--- EXTRACTED MATERIAL Enclosed Below ---

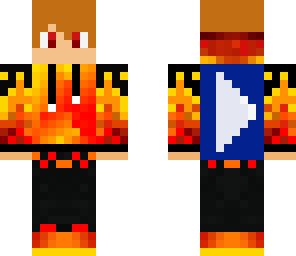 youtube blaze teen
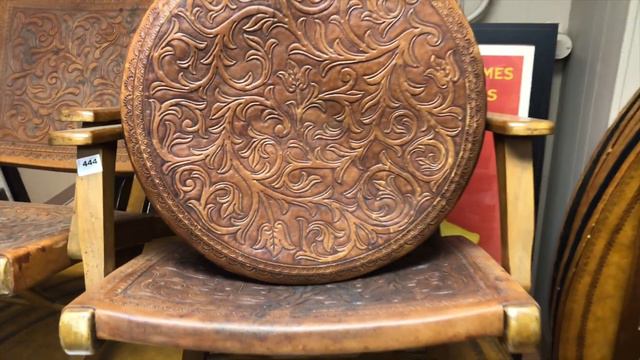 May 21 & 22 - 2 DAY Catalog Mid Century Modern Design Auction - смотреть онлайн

--- End of Enclosed EXTRACTED MATERIAL ---
--- EXTRACTED MATERIAL Enclosed Below ---

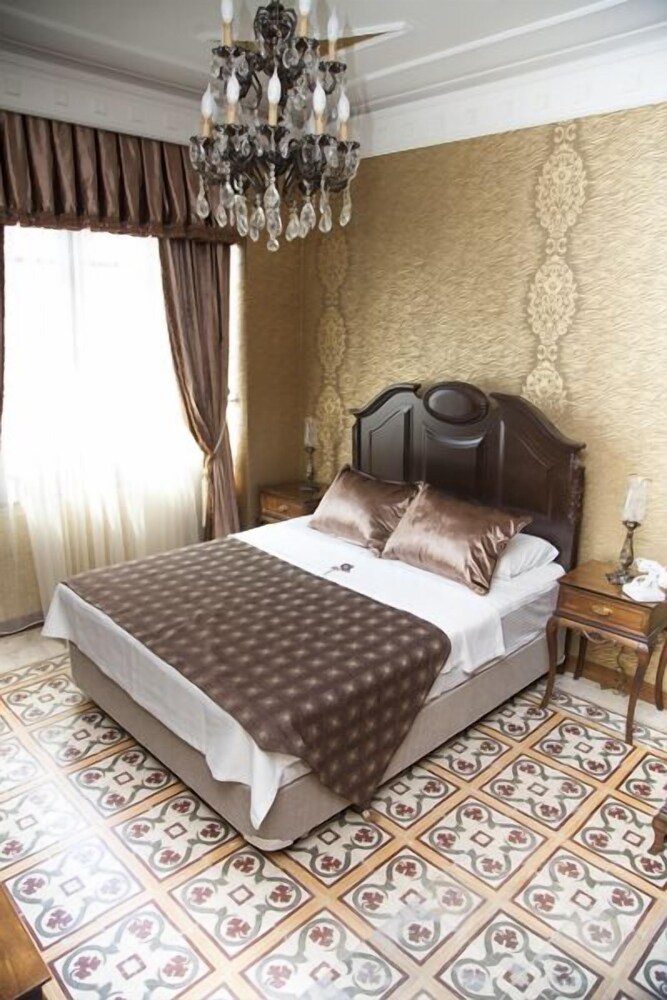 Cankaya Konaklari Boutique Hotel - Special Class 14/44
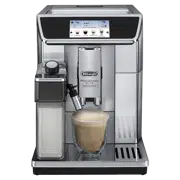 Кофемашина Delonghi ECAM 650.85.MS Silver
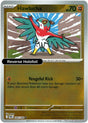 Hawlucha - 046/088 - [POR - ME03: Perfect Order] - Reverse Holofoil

--- End of Enclosed EXTRACTED MATERIAL ---

_EXERCISE GOAL:_
Pictures excluded, transcribe the listing above exactly from the line with "youtube blaze teen" through the line with "May 21 & 22", and no further.

_ANSWER TO THIS PROBLEM:_
 youtube blaze teen
 May 21 & 22 - 2 DAY Catalog Mid Century Modern Design Auction - смотреть онлайн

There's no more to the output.